Katz’s fans, of which there are many, will point to his paintings’ reliable formula as a sign of his brilliance: stylish figures placed in vacant settings, where they stare out at the viewer, often with a chilly gaze that’s tough to pin down. Katz’s detractors—I must admit to being one—find his works formally audacious and conceptually vapid, ceaseless variations on a theme that has become humdrum.
His buzzy show at the Guggenheim Museum in New York did little to change my mind. It’s Katz’s second New York retrospective in three decades, and it’s a smart-looking assembly of his greatest hits and some of his lesser-known later works.
Walking up the Guggenheim’s rotunda, I found myself witnessing a stream of similar-looking paintings: sleek portraits of art-world celebrities, loving homages to his wife and frequent model Ada Del Moro, highly abstract landscapes that come into focus when seen from afar. They all started to run together after a while. This show may just be the season’s biggest disappointment.
Part of the exhibition’s problem is that the best works are located in the middle.
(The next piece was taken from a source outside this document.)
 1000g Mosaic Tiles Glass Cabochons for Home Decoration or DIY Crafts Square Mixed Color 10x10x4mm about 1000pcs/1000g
These are the effortlessly cool paintings of the ’60s, which remain Katz’s most famous ones, and justly so.
The Red Smile (1963), one of many paintings here featuring Ada, is emblematic of this era. At nine feet wide, it’s sizable, like many of the paintings that Katz produced at this time, and it’s stylish as hell, too. Ada is shown in close-up, almost like a movie star; so cinematic is its aesthetic, you’re even tempted to say she’s gazing offscreen. But this is a painting, of course, and you’re reminded of this by its scarlet-colored background, which, in spite of the painting’s title, is even redder than Ada’s lipstick.
How, then, do we end up, nearly 50 years later, with a painting like Ada’s Back 2 (2021)? It’s another view of Ada, this time from behind, with her grey hair represented by no more than long strokes with patches of white left amid them. Simple, yes. Banal, too. It has none of the visual punch that The Red Smile does. Katz’s practice has clearly evolved over the years, just not in the way you’d hope.
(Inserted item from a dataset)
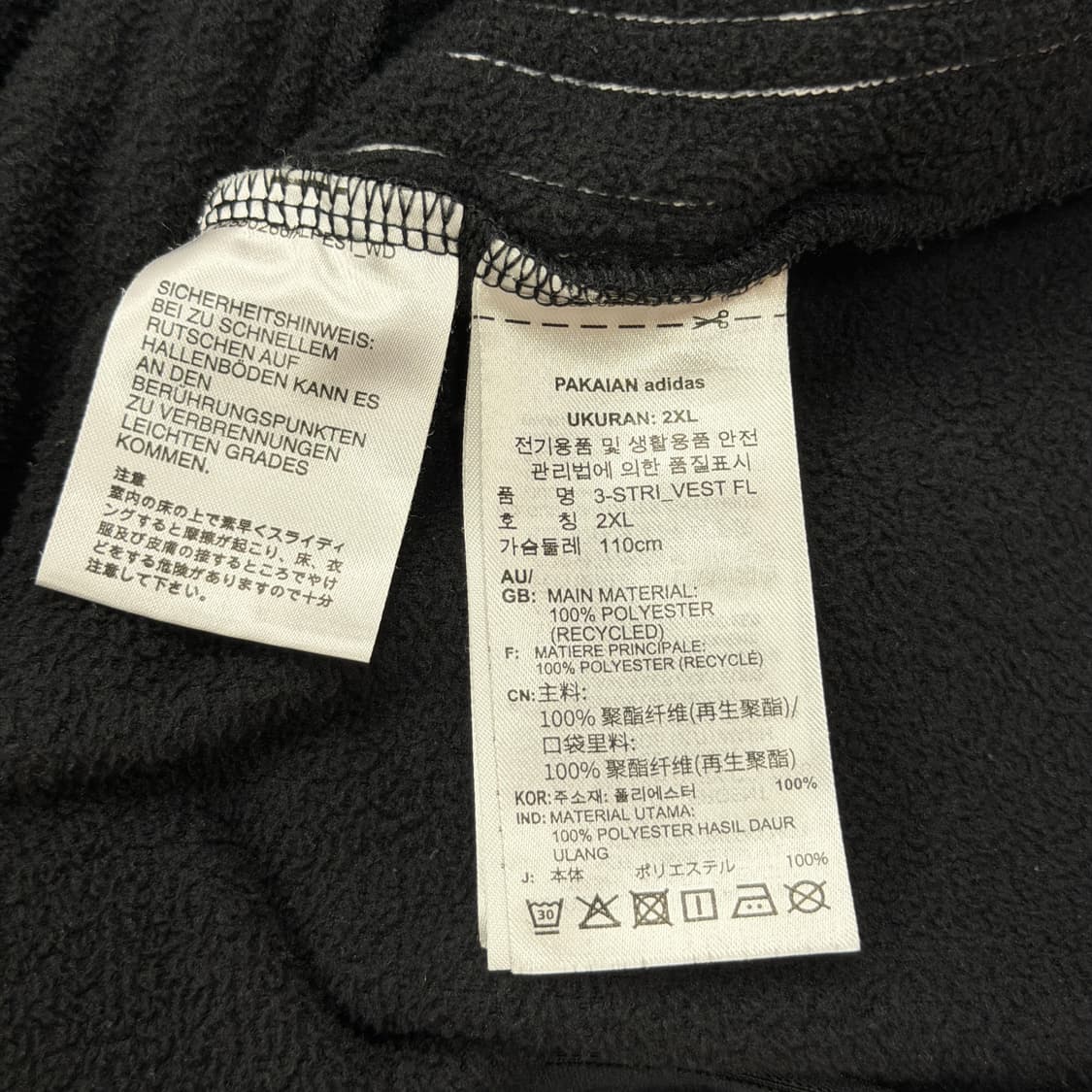 아디다스 빈티지 3S 삼선 플리스 베스트 조끼 블랙 2XL 상품이미지4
That the show sputters in its latter half isn’t the fault of its curator, Katherine Brinson, who’s deftly assembled a good primer to Katz’s career.
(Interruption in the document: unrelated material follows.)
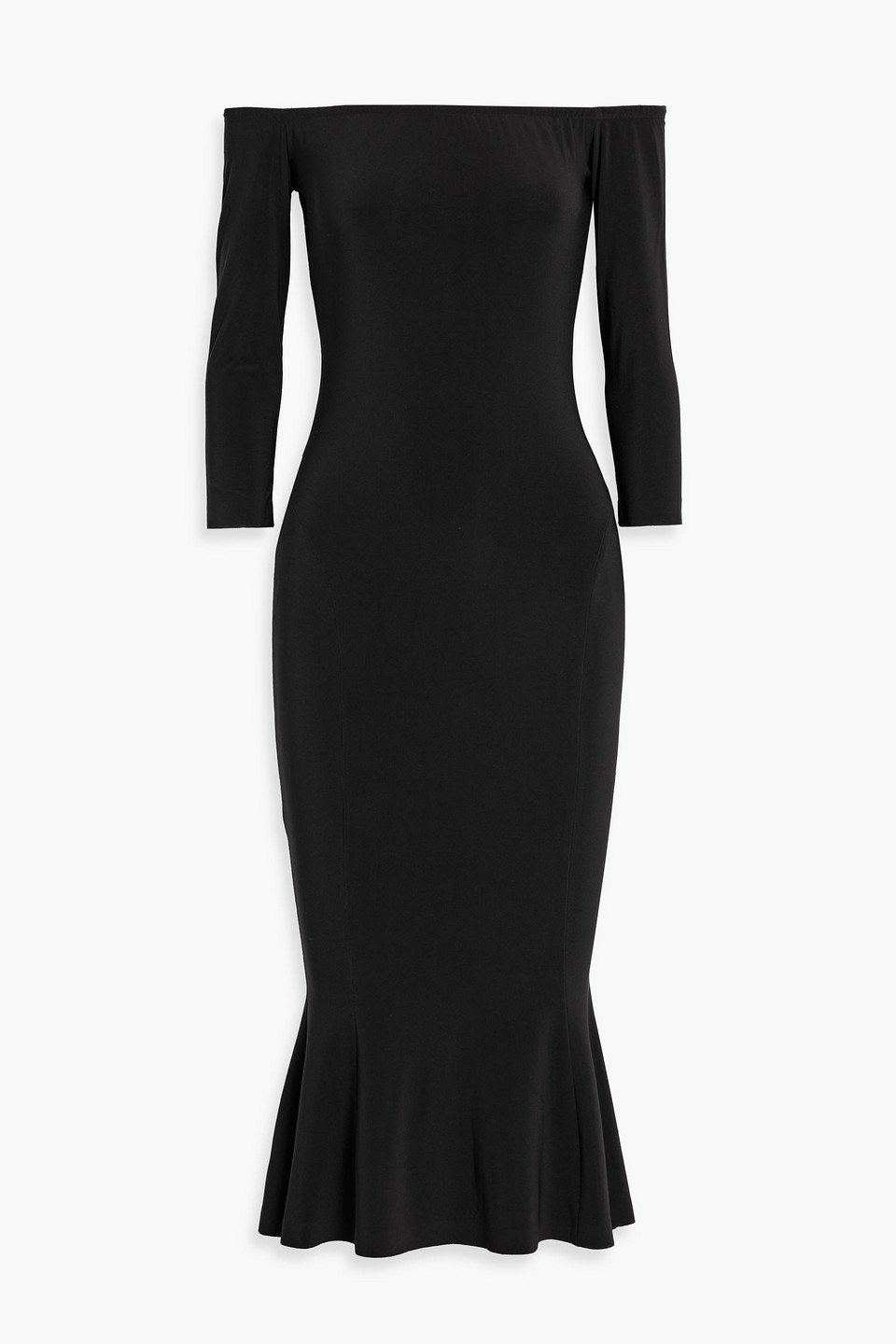 Norma Kamali Norma Kulture Off The Shoulder Fishtail Gown In Black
Brinson devotes a good amount of space to Katz’s first mature works, which frequently took the form of minimalist images of people riding the subway. Done in the late ’40s and early ’50s, during and after the years when Katz was a student at Cooper Union, these early paintings and drawings are not very important works, but they do prefigure Katz’s more mature style in interesting ways.
Note how Katz depicts these scenes with just a few people, few details, and a lot of negative space. These pieces conjure a peaceful commute, not a subway car smashing through an underground passageway. Their serenity and their starkness would become a core component of his art in the years to come.
Katz appears to have tried pushing that sparseness even further with a series of collages that conjure landscapes by way of a few jagged snips of colored paper. They are duds—curious, inert images that call to mind Milton Avery’s quaint seascapes without any of dazzling color plays that make Avery’s paintings worthwhile.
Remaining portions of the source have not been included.